The AdLibertas Approach to Big Data
The AdLibertas Approach to Big Data
Allen Eubank, CTO, AdLibertas
The AdLibertas Platform uses Trino to give customers unparalleled insight into their mobile app user-level analytics without managing their own data lake or data engineering team. We provide access to big data analytics without the headache of operating a big data cluster or writing SQL queries.
Our customers have tens of millions of users, each generating actions, ad impressions, revenue events that all add up to terabytes of data generated daily. Big data is hard. It needs a dedicated engineering team which requires a large upfront investment. Then, data teams are tasked with designing and building data pipelines to satisfy business requirements and goals.

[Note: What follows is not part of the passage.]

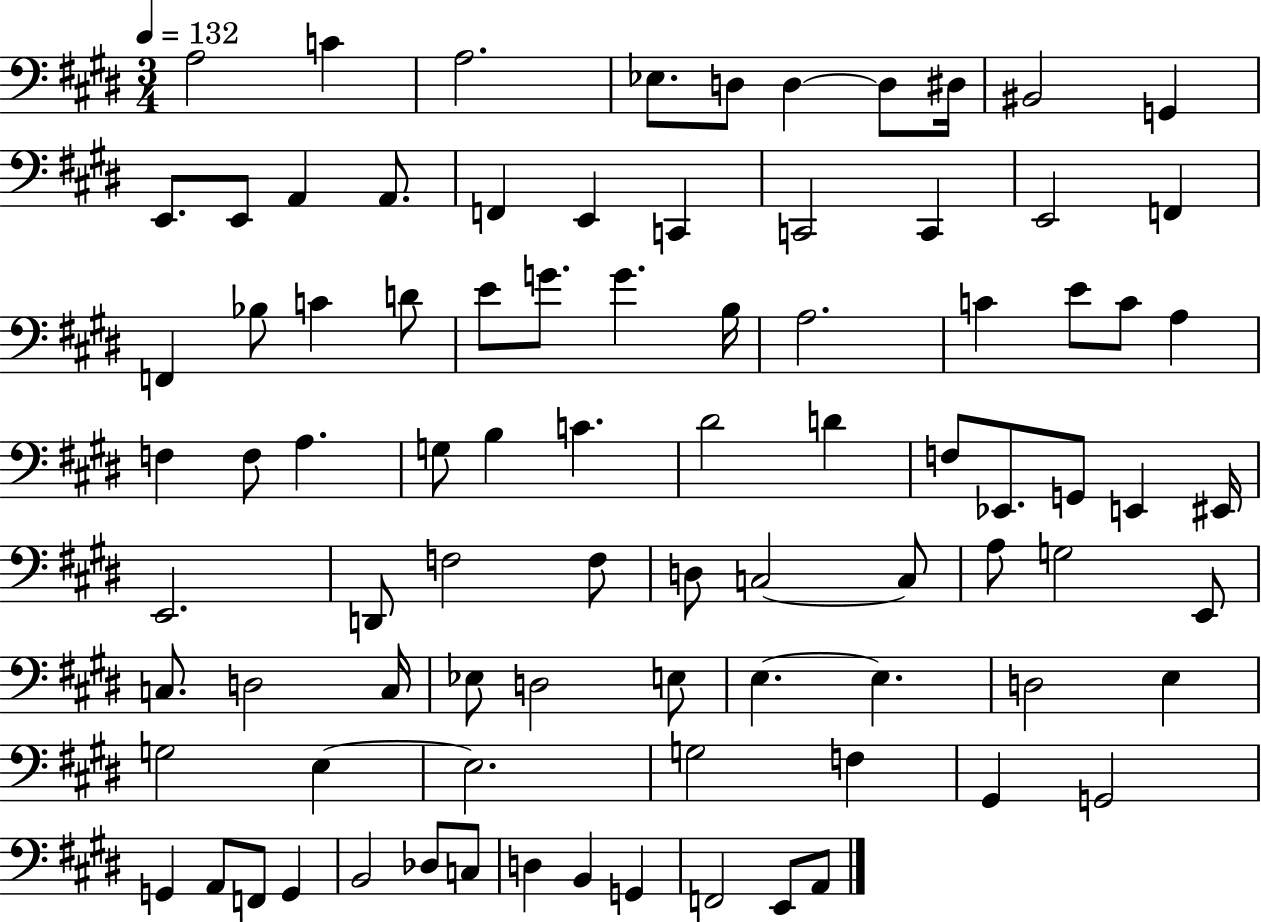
A3/h C4/q A3/h. Eb3/e. D3/e D3/q D3/e D#3/s BIS2/h G2/q E2/e. E2/e A2/q A2/e. F2/q E2/q C2/q C2/h C2/q E2/h F2/q F2/q Bb3/e C4/q D4/e E4/e G4/e. G4/q. B3/s A3/h. C4/q E4/e C4/e A3/q F3/q F3/e A3/q. G3/e B3/q C4/q. D#4/h D4/q F3/e Eb2/e. G2/e E2/q EIS2/s E2/h. D2/e F3/h F3/e D3/e C3/h C3/e A3/e G3/h E2/e C3/e. D3/h C3/s Eb3/e D3/h E3/e E3/q. E3/q. D3/h E3/q G3/h E3/q E3/h. G3/h F3/q G#2/q G2/h G2/q A2/e F2/e G2/q B2/h Db3/e C3/e D3/q B2/q G2/q F2/h E2/e A2/e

And, as soon as the requirements change, new pipelines and infrastructure have to be (re)built to accommodate, leading to more cost.
Giving mobile app developers access to big data without the upfront cost of building a data team is what we ended up accomplishing with the infrastructure and architecture supporting the AdLibertas platform.
How big is big data?
To understand the level of scale that we are building for. It’s easiest to start with where we are today. A typical day of data processing needs to ingest and process hundreds to thousands of terabytes to provide deep user-level analytics.

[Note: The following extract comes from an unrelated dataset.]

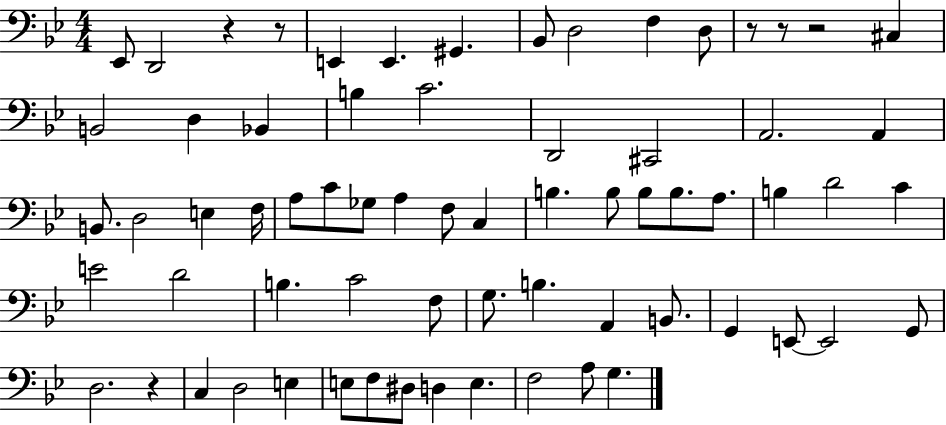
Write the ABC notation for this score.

Data Scanned in Terabytes / Day
Here’s a snapshot of our Trino cluster during one of our peak times:
Live metrics from our Trino coordinator
As you can see, our cluster needs to scale up to handle 2.74 billion rows / second and transfer 115 gigabytes / second. Some queries are so massive that at times, the peak reserved memory tops 4.5 terabytes (across the whole cluster) and 2.5 petabytes cumulatively (across the query stages).
The following is some example stats from one of our user-level reporting queries.
P is for Petabyte
We strive for data democratization
At AdLibertas, we aim to provide more than just a “data warehouse/lake/cloud,” we wanted to give business users the ability to think in new ways about how to measure success in their app. Take an example a customer asked us “how valuable is a user who completes a tutorial in my app?”

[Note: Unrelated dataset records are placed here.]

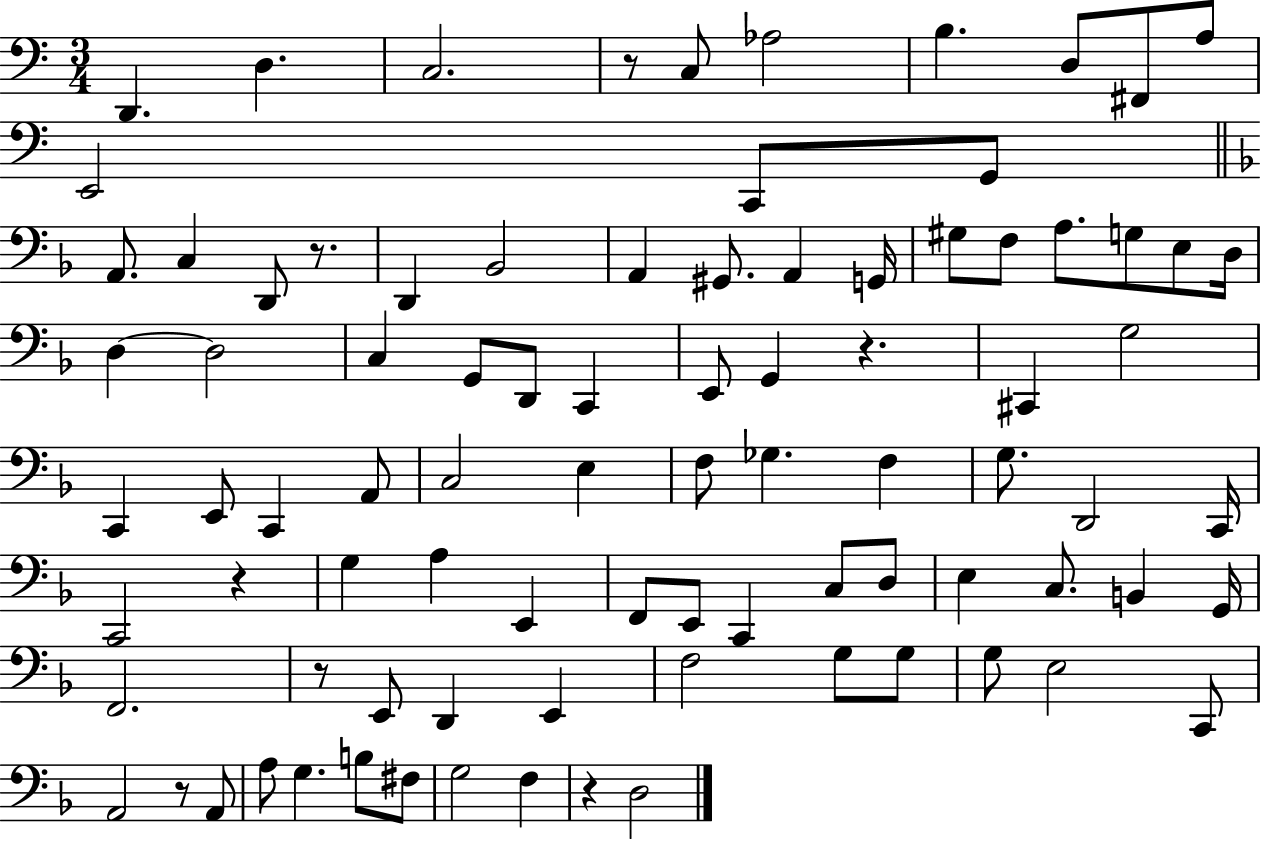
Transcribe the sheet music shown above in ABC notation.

X:1
T:Untitled
M:3/4
L:1/4
K:C
D,, D, C,2 z/2 C,/2 _A,2 B, D,/2 ^F,,/2 A,/2 E,,2 C,,/2 G,,/2 A,,/2 C, D,,/2 z/2 D,, _B,,2 A,, ^G,,/2 A,, G,,/4 ^G,/2 F,/2 A,/2 G,/2 E,/2 D,/4 D, D,2 C, G,,/2 D,,/2 C,, E,,/2 G,, z ^C,, G,2 C,, E,,/2 C,, A,,/2 C,2 E, F,/2 _G, F, G,/2 D,,2 C,,/4 C,,2 z G, A, E,, F,,/2 E,,/2 C,, C,/2 D,/2 E, C,/2 B,, G,,/4 F,,2 z/2 E,,/2 D,, E,, F,2 G,/2 G,/2 G,/2 E,2 C,,/2 A,,2 z/2 A,,/2 A,/2 G, B,/2 ^F,/2 G,2 F, z D,2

To answer this, typical data cloud services would require the upfront cost of hiring and managing a data team –which comes with its own headaches. Data teams would then be tasked with building and operating various data pipelines which can take months or years.
Most organizations have hypotheses about what they should do to their app. Each hypothesis typically requires a data engineer (maybe a few) to provide the data pipeline to test the hypothesis. Each of these pipelines is essentially a new project and may have their own unique headaches and challenges.
Our goal is to enable the business user to answer these questions themselves, without needing a dedicated team.
We aim to enable everyone in the organization to get accessible, actionable insights into user behavior and performance.
AdLibertas Big Data (User-level) Architecture
Our architecture has needed to change and grow as we learned more about what data our customers care about. It started with simple reporting “what is happening” and has grown to measuring behavioral performance “what is the predicted dollar impact to customer action?” To accomplish this, we needed data to be collected and unified at the user-level.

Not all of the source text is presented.